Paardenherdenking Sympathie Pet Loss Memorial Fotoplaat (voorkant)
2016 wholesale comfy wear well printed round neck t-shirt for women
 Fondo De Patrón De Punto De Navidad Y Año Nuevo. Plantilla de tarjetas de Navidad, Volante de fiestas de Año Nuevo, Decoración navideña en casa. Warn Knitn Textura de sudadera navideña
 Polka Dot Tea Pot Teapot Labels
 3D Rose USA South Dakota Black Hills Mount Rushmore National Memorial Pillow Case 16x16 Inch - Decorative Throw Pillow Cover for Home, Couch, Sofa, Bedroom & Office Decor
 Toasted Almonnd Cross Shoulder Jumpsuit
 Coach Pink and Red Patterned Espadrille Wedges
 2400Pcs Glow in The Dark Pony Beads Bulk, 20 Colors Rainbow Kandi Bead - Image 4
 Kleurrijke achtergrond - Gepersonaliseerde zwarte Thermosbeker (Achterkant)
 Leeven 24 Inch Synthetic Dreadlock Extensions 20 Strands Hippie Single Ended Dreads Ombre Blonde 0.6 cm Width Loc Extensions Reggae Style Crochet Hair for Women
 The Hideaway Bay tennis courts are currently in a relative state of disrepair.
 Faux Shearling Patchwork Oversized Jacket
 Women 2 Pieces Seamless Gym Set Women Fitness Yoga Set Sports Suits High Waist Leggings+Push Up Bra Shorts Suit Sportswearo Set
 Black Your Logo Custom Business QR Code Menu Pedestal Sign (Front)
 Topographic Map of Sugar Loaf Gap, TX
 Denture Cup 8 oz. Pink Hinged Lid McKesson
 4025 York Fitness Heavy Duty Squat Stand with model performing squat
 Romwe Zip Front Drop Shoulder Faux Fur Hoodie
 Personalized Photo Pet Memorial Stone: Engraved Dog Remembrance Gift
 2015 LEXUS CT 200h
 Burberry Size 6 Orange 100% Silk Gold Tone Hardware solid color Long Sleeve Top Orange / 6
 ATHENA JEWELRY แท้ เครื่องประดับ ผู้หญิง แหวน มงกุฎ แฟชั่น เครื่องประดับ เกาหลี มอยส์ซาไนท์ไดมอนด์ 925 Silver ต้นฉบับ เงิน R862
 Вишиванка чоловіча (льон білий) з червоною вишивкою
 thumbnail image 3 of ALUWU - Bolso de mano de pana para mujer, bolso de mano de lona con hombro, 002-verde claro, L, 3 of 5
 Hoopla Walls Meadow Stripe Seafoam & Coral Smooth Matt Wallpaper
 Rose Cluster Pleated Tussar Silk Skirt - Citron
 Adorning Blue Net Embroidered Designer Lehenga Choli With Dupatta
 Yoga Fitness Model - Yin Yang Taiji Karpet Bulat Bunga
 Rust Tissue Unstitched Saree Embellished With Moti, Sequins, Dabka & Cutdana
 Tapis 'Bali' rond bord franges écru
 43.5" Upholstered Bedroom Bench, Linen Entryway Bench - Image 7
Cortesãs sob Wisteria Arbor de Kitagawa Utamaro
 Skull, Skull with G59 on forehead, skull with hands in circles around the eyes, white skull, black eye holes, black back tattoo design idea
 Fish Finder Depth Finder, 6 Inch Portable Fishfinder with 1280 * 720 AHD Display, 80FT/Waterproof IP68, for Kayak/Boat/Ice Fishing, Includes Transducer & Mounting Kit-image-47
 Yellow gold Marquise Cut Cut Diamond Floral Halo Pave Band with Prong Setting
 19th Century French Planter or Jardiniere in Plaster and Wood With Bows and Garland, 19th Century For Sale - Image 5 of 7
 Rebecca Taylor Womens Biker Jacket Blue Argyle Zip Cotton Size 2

▬▬▬▬▬▬

What is needed → Word for word, retype all of the entries above.

Solution to this exercise →
Paardenherdenking Sympathie Pet Loss Memorial Fotoplaat (voorkant)
2016 wholesale comfy wear well printed round neck t-shirt for women
 Fondo De Patrón De Punto De Navidad Y Año Nuevo. Plantilla de tarjetas de Navidad, Volante de fiestas de Año Nuevo, Decoración navideña en casa. Warn Knitn Textura de sudadera navideña
 Polka Dot Tea Pot Teapot Labels
 3D Rose USA South Dakota Black Hills Mount Rushmore National Memorial Pillow Case 16x16 Inch - Decorative Throw Pillow Cover for Home, Couch, Sofa, Bedroom & Office Decor
 Toasted Almonnd Cross Shoulder Jumpsuit
 Coach Pink and Red Patterned Espadrille Wedges
 2400Pcs Glow in The Dark Pony Beads Bulk, 20 Colors Rainbow Kandi Bead - Image 4
 Kleurrijke achtergrond - Gepersonaliseerde zwarte Thermosbeker (Achterkant)
 Leeven 24 Inch Synthetic Dreadlock Extensions 20 Strands Hippie Single Ended Dreads Ombre Blonde 0.6 cm Width Loc Extensions Reggae Style Crochet Hair for Women
 The Hideaway Bay tennis courts are currently in a relative state of disrepair.
 Faux Shearling Patchwork Oversized Jacket
 Women 2 Pieces Seamless Gym Set Women Fitness Yoga Set Sports Suits High Waist Leggings+Push Up Bra Shorts Suit Sportswearo Set
 Black Your Logo Custom Business QR Code Menu Pedestal Sign (Front)
 Topographic Map of Sugar Loaf Gap, TX
 Denture Cup 8 oz. Pink Hinged Lid McKesson
 4025 York Fitness Heavy Duty Squat Stand with model performing squat
 Romwe Zip Front Drop Shoulder Faux Fur Hoodie
 Personalized Photo Pet Memorial Stone: Engraved Dog Remembrance Gift
 2015 LEXUS CT 200h
 Burberry Size 6 Orange 100% Silk Gold Tone Hardware solid color Long Sleeve Top Orange / 6
 ATHENA JEWELRY แท้ เครื่องประดับ ผู้หญิง แหวน มงกุฎ แฟชั่น เครื่องประดับ เกาหลี มอยส์ซาไนท์ไดมอนด์ 925 Silver ต้นฉบับ เงิน R862
 Вишиванка чоловіча (льон білий) з червоною вишивкою
 thumbnail image 3 of ALUWU - Bolso de mano de pana para mujer, bolso de mano de lona con hombro, 002-verde claro, L, 3 of 5
 Hoopla Walls Meadow Stripe Seafoam & Coral Smooth Matt Wallpaper
 Rose Cluster Pleated Tussar Silk Skirt - Citron
 Adorning Blue Net Embroidered Designer Lehenga Choli With Dupatta
 Yoga Fitness Model - Yin Yang Taiji Karpet Bulat Bunga
 Rust Tissue Unstitched Saree Embellished With Moti, Sequins, Dabka & Cutdana
 Tapis 'Bali' rond bord franges écru
 43.5" Upholstered Bedroom Bench, Linen Entryway Bench - Image 7
Cortesãs sob Wisteria Arbor de Kitagawa Utamaro
 Skull, Skull with G59 on forehead, skull with hands in circles around the eyes, white skull, black eye holes, black back tattoo design idea
 Fish Finder Depth Finder, 6 Inch Portable Fishfinder with 1280 * 720 AHD Display, 80FT/Waterproof IP68, for Kayak/Boat/Ice Fishing, Includes Transducer & Mounting Kit-image-47
 Yellow gold Marquise Cut Cut Diamond Floral Halo Pave Band with Prong Setting
 19th Century French Planter or Jardiniere in Plaster and Wood With Bows and Garland, 19th Century For Sale - Image 5 of 7
 Rebecca Taylor Womens Biker Jacket Blue Argyle Zip Cotton Size 2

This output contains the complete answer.